We have been in Barcelona, Spain this week delivering cultural competence education to a global leadership team of a high tech company. We stayed at a hotel that was hosting meetings for several companies other than our client.
Adapting to the culture where it is customary to eat dinner after 9pm, we (including our spouses) were leaving the hotel about 9:30 to go to dinner on one rainy evening, and to our frustration, the queue for a taxi was really long. We realized that we would have to stand in the rain (umbrellas were provided but it was really kind of chilly that evening—probably about 55°F) for a least twenty minutes. After debating whether we should just eat at the hotel’s restaurant, we decided that we would brave the elements.

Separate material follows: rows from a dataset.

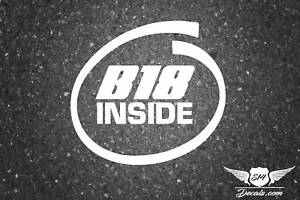 B18 INSIDE 4" STICKER DECAL JDM TUNER LOW FUNNY EURO KDM JDM BOOST DIRTY - Picture 1 of 1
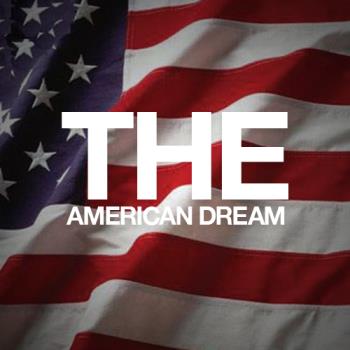 American Dream means the chance of making it big f - American Dream means the chance of making it big for everybody.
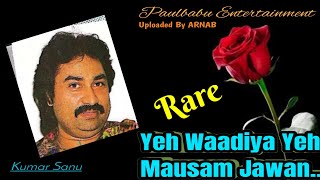 Yeh Waadiya Yeh Mausam Jawan (Best Quality) | Kumar Sanu Rare Song | Dusman Yaar (1995) | Paulbabu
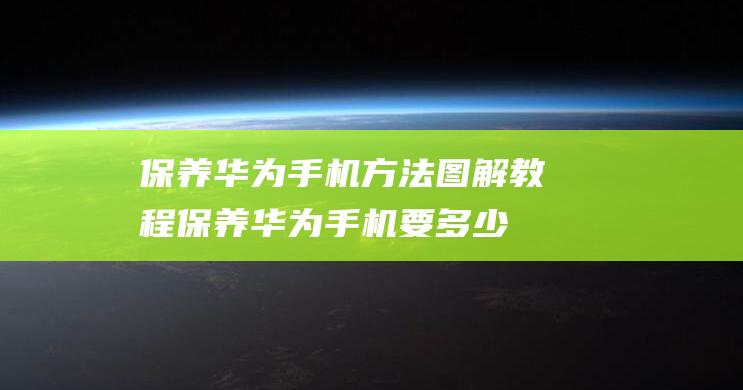 保养华为手机方法图解教程 (保养华为手机要多少钱)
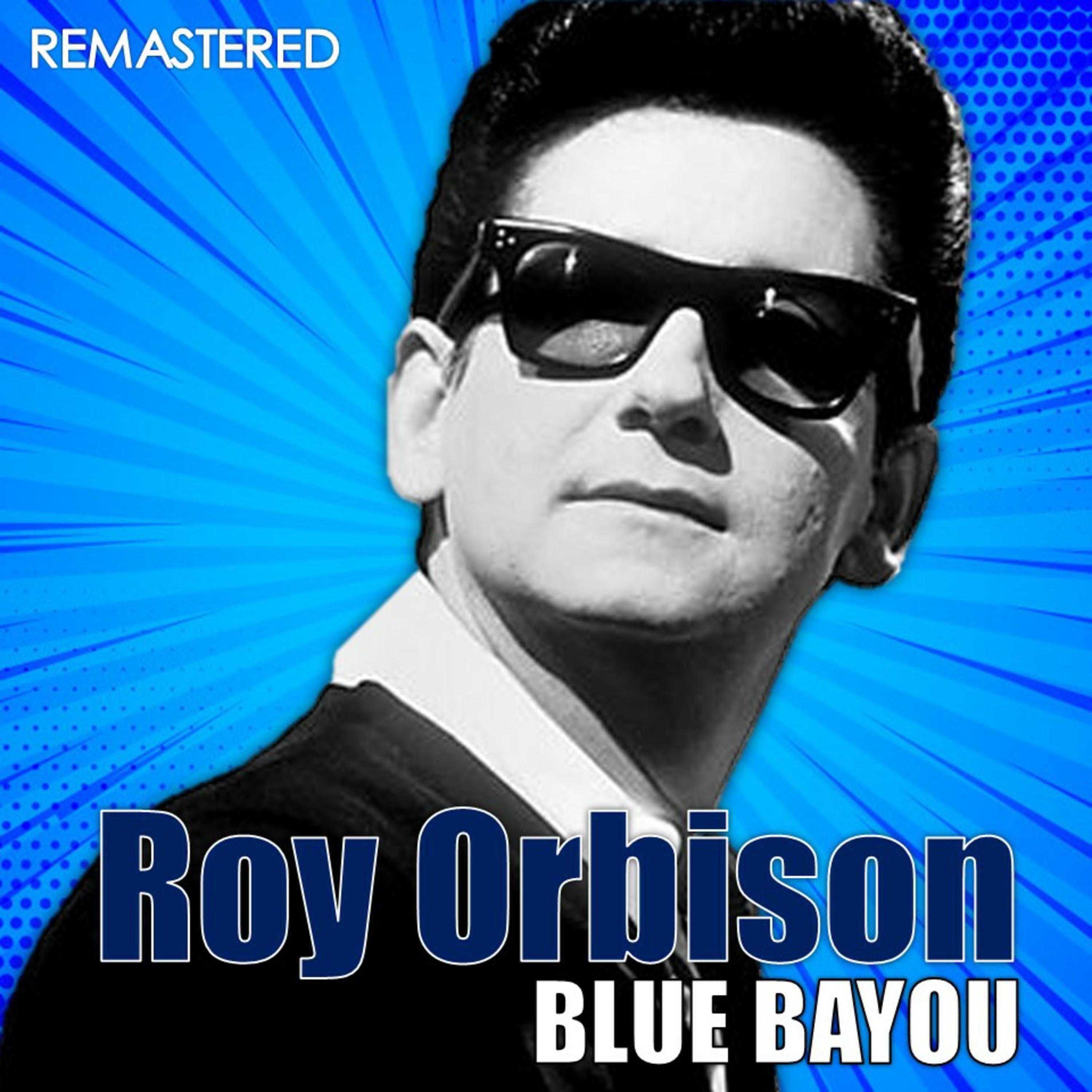 blue bayou (digitally remastered)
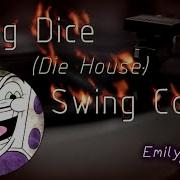 Cuphead Die House King Dice Remix Cover W Lyrics Voiceacting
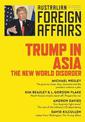 Trump in Asia: The New World Disorder: Australian Foreign Affairs Issue 2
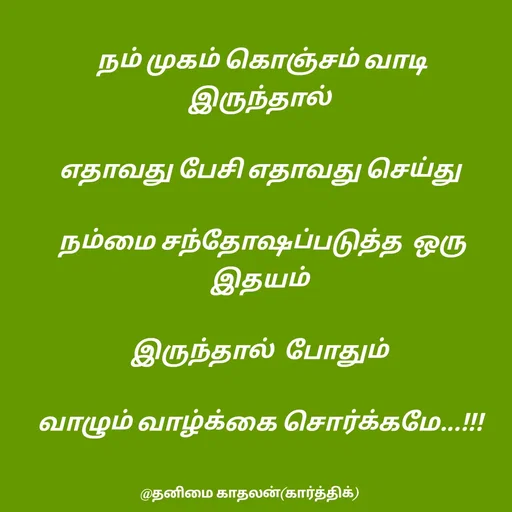 Quote by தனிமை காதலன் கார்த்திக் - நம் முகம் கொஞ்சம் வாடி இருந்தால் 

எதாவது பேசி எதாவது செய்து 

நம்மை சந்தோஷப்படுத்த  ஒரு இதயம் 

இருந்தால்  போதும் 

வாழும் வாழ்க்கை சொர்க்கமே...!!!  - Made using Quotes Creator App, Post Maker App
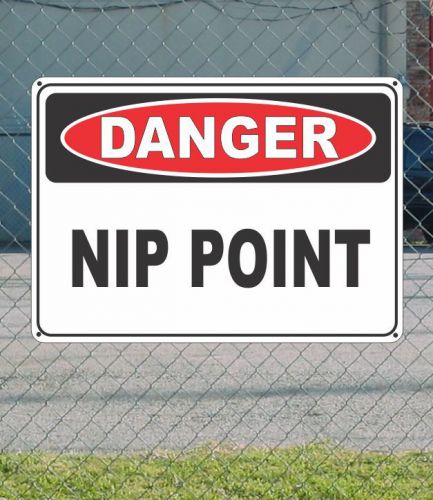 Danger nip point - osha safety sign 10&#034; x 14&#034; for sale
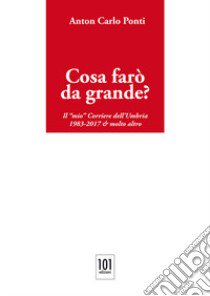 Cosa farò da grande?. Il «mio» Corriere dell'Umbria,1983-2017 & molto altro libro di Ponti Anton Carlo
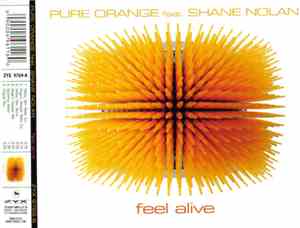 Pure Orange Feat. Shane Nolan - Feel Alive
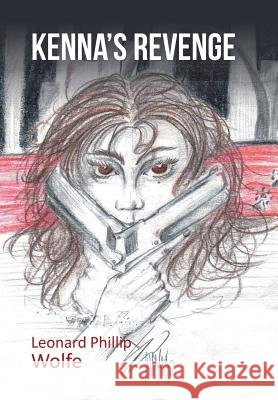 Kenna's Revenge Leonard Phillip Wolfe 9781503585683
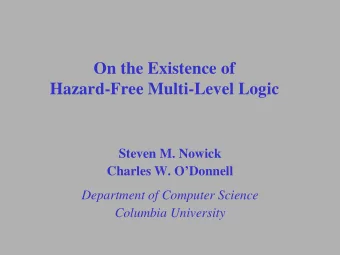 On the Existence of  Hazard-Free Multi-Level Logic  Steven M. Nowick  Charles W. ODonnell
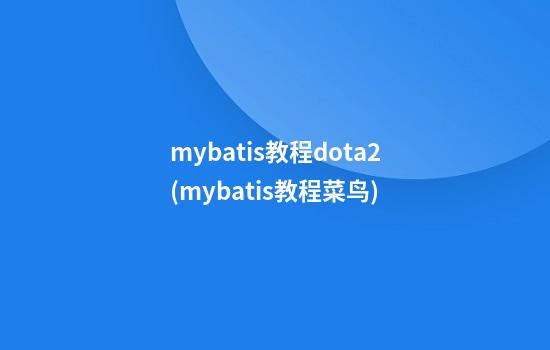 mybatis教程dota2(mybatis教程菜鸟)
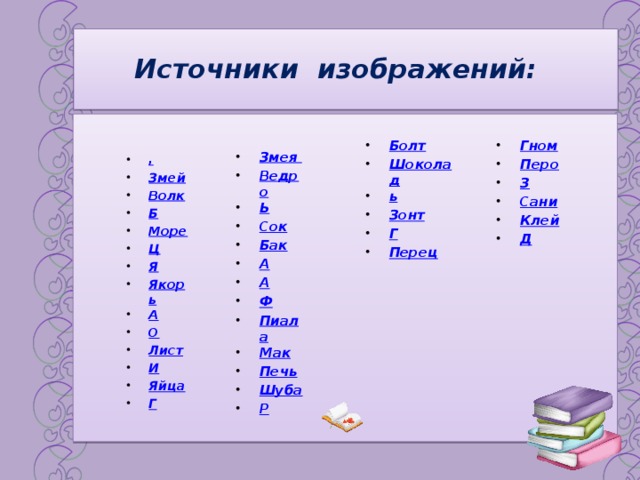 Источники изображений: Болт Шоколад ь Зонт Г Перец Гном Перо З Сани Клей Д Змея Ведро Ь Сок Бак А А Ф Пиала Мак Печь Шуба Р , Змей Волк Б Море Ц Я Якорь А О Лист И Яйца Г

As we continued to wait and edge closer to the front of the line, we noticed that there was another group of three or four (not a part of our client’s group) that had formed starting a separate line. They stood to our right, speaking and laughing, I think in German.
Well low and behold and much to our chagrin, when it was our turn this group hurried past us and tried to claim the cab as their own! We were shocked as were others who came to our defense, yelling to this group that is was not their turn, that they had cut the line. One of the interlopers had the audacity to say that the person vacating the taxi was “their guy” as if to suggest that this person had reserved the taxi for them. It was pretty obvious that the parting customer did not know these people.
After our spouses (“the guys”) took control of the situation, ordering the line cutters to step back and that there was no way they would take this taxi, they retreated and we were on our way.
As you can well imagine emotions ran high and we talked about the incident for the rest of the evening (actually the rest of the trip). I tried to suggest that we were likely dealing with different cultural norms about what is acceptable behavior relative to “waiting your turn”. The guys were not having it. “Are you kidding me? This is just rude and unacceptable behavior in any culture,” opined my significant other. “There is right and there is wrong and this was just plain wrong,” offered another’s husband. I did not like the behavior, either, but I suspected that the “perpetrators” did not interpret what they did as harshly as we did. It was even suggested that there was a racial motivation. They claimed that the group waited until it was our turn to “make their move.” I was not convinced the “line cutters” targeted us because of our race.
This was actually not the first time I had experienced a different behavioral interpretation of queuing. I was on a connecting flight some years ago in Zurich and I was appalled that when it was time to board there were no queuing rules. Everybody just got up and started to find a place in the line, with some actually cutting. This was my first time experiencing this alternate “line forming” approach.
Two days after our incident in Barcelona when we had finally stopped talking about it, the issue came up again in one of the training sessions. I asked the question, “Can you give me some examples of where there are different behavioral interpretations based on culture?” “I am from Britain and we always honor queues but this is not the case in other countries, like Germany,” was one response. I chuckled to myself and told the group about our recent experience.
I think that being culturally competent does not mean that you cannot react negatively to behavior that goes against your own norms, but you may need to temper your response within a cultural framework. Does that mean you excuse what you think is bad behavior? No. And we did not. We did not allow the “line cutters” to have their way because I do believe that there is a more universal norm of honoring queues. It also does not mean that we should stereotype all Germans as “rude and disrespectful” as a result of this experience. Perhaps the more culturally competent view would be that the group probably did not interpret their behavior as so egregious.